Before losing consciousness, some of the early signs and symptoms presented by vasovagal syncope patients include lightheadedness, nausea, extremely high or extremely low body temperature (often followed by sweating), tinnitus, palpitations, confusion, a slight inability to speak, often followed by mild stuttering, nervousness and visual disturbances are other symptoms that can occur as well .
The symptoms often last for a few seconds before the loss of consciousness begins. The loss of consciousness often happens when the individual is sitting up or standing. As soon as the sufferer passes out, they fall down. At this point blood flow to the brain is restored instantaneously. A seizure may result if the individual doesn’t fall into a fully flat supine position and the head stays elevated above the trunk as blood will unable to quickly return to the brain.

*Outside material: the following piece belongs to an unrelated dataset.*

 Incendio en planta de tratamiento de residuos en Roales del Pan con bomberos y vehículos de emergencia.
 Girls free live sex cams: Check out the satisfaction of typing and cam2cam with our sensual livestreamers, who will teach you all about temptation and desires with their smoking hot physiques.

There are many medical conditions that may cause syncope. This is why making the correct diagnosis for loss of consciousness is one of the most difficult challenges facing health care providers. The core of the diagnosis of vasovagal syncope is dependent on a clear description by the patient for a particular pattern of triggers and time course. It is very important to differentiate vertigo, seizures, light-headedness, seizures, vertigo and hypoglycaemia as other causes.
For patients with recurring vasovagal syncope, the accuracy of diagnosis can often be improved with any one of the following diagnostic tests :
In many cases of vasovagal syncope, treatment is relatively unnecessary as soon as the cause of syncope is identified and avoided . Also medications for treatment of low blood pressure will also be helpful when medication in necessary. Therapies and surgery (often to insert an electrical pacemaker) may be needful in many cases.
Brief episodes of unconsciousness rarely do any harm and they are not the symptoms of a disease so patients often recover easily . The major danger of vasovagal syncope is the risk of injury by falling while unconscious. In some people, medical therapy can prevent future vasovagal responses but for some others medication is ineffective and so they will always continue to have the vasovagal episodes.
Vasovagal syncope often occurs in response to a trigger and there is often a corresponding malfunction in the parts of the nervous system which regulate the heart rate and blood pressure . As soon as there is a slow-down in heart rate, the resulting lack of blood to the brain brings about fainting and confusion.
Below are some of the main triggers for vasovagal episodes:
The incidence for this condition is 6.2 cases per 100 patient years in the United States . Syncope also reoccurs in less than 3% of affected individuals and also, 10% of affected individuals have a cardiac etiology. Data from around the world also suggest a similar occurrence rate to what is obtainable in the United States.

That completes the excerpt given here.